• [DATA EXCERPTS]
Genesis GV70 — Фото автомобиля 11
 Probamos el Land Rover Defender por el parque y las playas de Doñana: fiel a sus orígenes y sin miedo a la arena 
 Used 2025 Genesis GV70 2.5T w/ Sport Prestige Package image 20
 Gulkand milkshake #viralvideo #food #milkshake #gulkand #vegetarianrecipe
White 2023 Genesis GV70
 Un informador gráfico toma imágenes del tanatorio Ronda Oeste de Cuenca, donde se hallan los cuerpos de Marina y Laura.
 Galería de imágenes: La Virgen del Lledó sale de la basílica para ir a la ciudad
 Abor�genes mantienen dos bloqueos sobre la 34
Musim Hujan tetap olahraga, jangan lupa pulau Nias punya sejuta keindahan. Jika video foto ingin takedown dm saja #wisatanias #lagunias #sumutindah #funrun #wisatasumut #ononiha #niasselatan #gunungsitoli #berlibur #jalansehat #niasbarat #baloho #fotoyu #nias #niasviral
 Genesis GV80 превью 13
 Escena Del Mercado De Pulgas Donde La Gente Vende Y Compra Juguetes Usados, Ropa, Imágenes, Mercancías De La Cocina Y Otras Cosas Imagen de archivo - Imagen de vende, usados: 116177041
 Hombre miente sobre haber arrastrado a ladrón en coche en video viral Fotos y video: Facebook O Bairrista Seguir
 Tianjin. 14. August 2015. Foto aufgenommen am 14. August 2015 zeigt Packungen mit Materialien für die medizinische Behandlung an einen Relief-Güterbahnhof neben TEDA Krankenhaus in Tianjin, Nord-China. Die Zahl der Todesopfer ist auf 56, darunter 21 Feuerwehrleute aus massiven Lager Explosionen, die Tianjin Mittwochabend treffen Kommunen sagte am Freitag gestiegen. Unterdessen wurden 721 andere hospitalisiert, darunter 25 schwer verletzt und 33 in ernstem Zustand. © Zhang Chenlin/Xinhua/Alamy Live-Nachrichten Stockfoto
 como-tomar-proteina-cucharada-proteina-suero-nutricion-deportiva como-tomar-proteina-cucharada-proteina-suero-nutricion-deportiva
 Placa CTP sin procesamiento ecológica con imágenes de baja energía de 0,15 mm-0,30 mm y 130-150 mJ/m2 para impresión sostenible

• [WHAT YOU HAVE TO DO] An exact copy of the data is needed, running from its first line through the line that holds "Used 2025 Genesis", and nothing beyond that.

• [TASK RESULT]
Genesis GV70 — Фото автомобиля 11
 Probamos el Land Rover Defender por el parque y las playas de Doñana: fiel a sus orígenes y sin miedo a la arena 
 Used 2025 Genesis GV70 2.5T w/ Sport Prestige Package image 20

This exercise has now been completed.